Before the output of the former generator is input into the next generator, an attention mechanism module is needed to obtain the important part in the generated image. The attention mechanism module comprises two part inputs, namely word embedding feature matrix of text feature vector

And the output characteristics of the generator, wherein D represents the dimension of each word and T represents the text length. Through an attention mechanism, the most relevant part of the generated sub-images of each stage and the original text key words can be calculated, and the quality of the sub-images is improved.

And inputting the output of the 2 nd attention mechanism module into the 3 rd generator to obtain the output characteristic of the 3 rd generator as a corresponding image, namely the generated image corresponding to the original image.

The discriminator includes two aspects of constraints: unconditional constraints and conditional constraints. The discriminator requires three inputs. The input of the first discriminator is sentence embedding characteristic vector, the generated image and the real image of the first generator; the inputs to the other discriminators are: a word embedding feature matrix, a generated image of the generator, and a real image. Unconditional constraint is used for judging whether the generated image is a real natural image or not, and the generated image and the real image of the generator are used as judgment conditions; conditional constraints are used to determine whether the generated image is consistent with the text description, using sentence-embedded feature vectors or word-embedded feature matrices and the generator image as the determination conditions.

Conditional constraints are employed in this embodiment.

The discriminator loss function is:

wherein the content of the first and second substances,

word-embedding feature matrices for sentence-embedding feature vectors/text feature vectors, I being the real image, s₀Representing the output characteristics of the previous generator, c is a sentence-embedding characteristic vector, G(s)₀C) output characteristics of the generator, IC is an image annotation network,

sim is the similarity between the predicted text and the original text for the output of the discriminator.

The loss function of the generator is:

wherein the content of the first and second substances,

is the KL divergence between the text feature vector and the gaussian distribution, with the aim of avoiding overfitting.

And S103, inputting the corresponding image into the trained image labeling network to generate a prediction text.

The image annotation network is used for generating descriptive text which is consistent with input image semantics.

As shown in fig. 3, the image annotation network mainly includes two parts: an encoder and a decoder. The encoder includes a convolutional neural network and a linear transform, and uses the convolutional neural network to pre-train the model resnet-152, removing the last fully-connected layer. The encoder firstly obtains a feature matrix of an input image by using a convolutional neural network, then converts the feature matrix (feature vector) into a representation form suitable for the input of the decoder after linear transformation, and then inputs the representation form into the decoder. For the decoder part, an LSTM network (long short term memory network) is used, the decoder comprising a plurality of LSTMs in which the descriptive text is predicted and the text output encoding is obtained.

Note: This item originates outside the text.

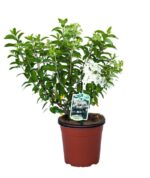 hydrangea paniculata bobo ortensia 1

Training the image labeling network, specifically comprising:

inputting a real image into an image labeling network to obtain a text output code;

and comparing the text output codes with the text characteristics corresponding to the real images for training, thereby obtaining a trained image labeling network.

And inputting the corresponding image into the trained image labeling network to generate a prediction text.

And S104, inputting the predicted text and the original text into the trained twin neural network to obtain the similarity between the predicted text and the original text.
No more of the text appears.